I need to make a burger press to speed up production. I'm going to cut down a polypropelene cutting board into a 5" width and then space 5 4" holes across it's length. What I'd like to do is cut a second strip and mount the discs cut out of the 1st blank to the 2nd, with SS screws from the top side creating a board to act as a press, and voila! 5 burgers at a shot. If I use the arbor bit the void in the pusher from the pilot bit would become an un-cleanable void. My thought is to set a fence and use heavy clamps with around 500rpm on the drill press to cut these but am starting to second guess the process, after all the bit is there for a reason, but is it just about using the hole saw in a hand drill???

Please let me know your opinion


----------



## JayT (May 6, 2012)

I've done it. The hole saw likes to walk around &/or move the board. The pilot bit is there to help with precise placement of the hole saw and to prevent the walking/kickback but if you clamped the material solidly, I don't see a real problem on that front.
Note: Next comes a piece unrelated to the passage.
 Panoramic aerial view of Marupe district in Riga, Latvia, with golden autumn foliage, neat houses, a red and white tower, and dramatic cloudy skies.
The only possible issue I can imagine for what you want to do is that hole saw teeth generally have a lot of set and cut a wide kerf. That means the press discs would fit very loosely in the holes and you could have a lot of squeeze out.


----------



## DrDirt (Feb 26, 2008)

I think no problem the way you plan to do it.

The arbor is really for 'freehand' drilling to keep the hole saw from walking around…. especially a hand drill with a 4 inch bit to cut a dryer vent hole in vinyl siding…..(don't know how I know that  )

With it anchored, should be no issue.

keep in mind you will have a good size gap around the edge where the kerf will leave a void, but for pressing burger…. no sweat!


----------



## Dal300 (Aug 4, 2011)

The easiest way I have found to do that is to use a scrap piece attached to the face you want to cut out.
Set the drill bit back so it can only contact the scrap wood until you get the saw teeth into the main piece.
Once you are in to the main piece about 1/8" you can remove the scrap and the drill bit because the hole saw will then be automatically centered.


----------



## InstantSiv (Jan 12, 2014)

1. Cut a hole in a piece of scrap.
2. Use that scrap as a template/guide to where you want to drill in your final piece.
3. Take the drill bit off or use a mandrel without the drill bit.
4. Drill away.

I haven't done this but this was suggested to me by some who does a lot of hole saw work.


----------



## ChefHDAN (Aug 7, 2010)

Thanks Y'all appreciate the affirmation that it's not going to be a foolish digit jeporadizing idea.

The gap shouldn't be an issue, the stock is 3/4" and it'll be used to form 8oz and 6 oz patties of our custom grind, kills me to watch a cook stand there doing them 1 at a time with a ring mold, way back before patties could be bought pre formed we would do something like this, but it was still one at a time… If I don't loose my day shoveling snow I'll try to get it done today and put up a pic!


----------



## TheFridge (May 1, 2014)

If you use it in a drill a template wouldn't be necessary. Just cut lightly to start and then it'll guide itself. You wouldn't have to worry about walking much with a polyethylene like material.

If you're using an portable drill then you prob should use a template.

If I can do it in sheet metal then plastic should be easy easy.


----------



## JoeinGa (Nov 26, 2012)

I remember as a young lad (of about 16) .. I was helping a neighbor add 6" speakers to the front doors of his Dad's *BRAND NEW *Cadillac. He wanted to try to save the cut-out and use the cloth from it to cover the speaker grills so they'd blend in with the door panels. He bought a 6" hole saw and was trying to figure out a way to do just what you're asking.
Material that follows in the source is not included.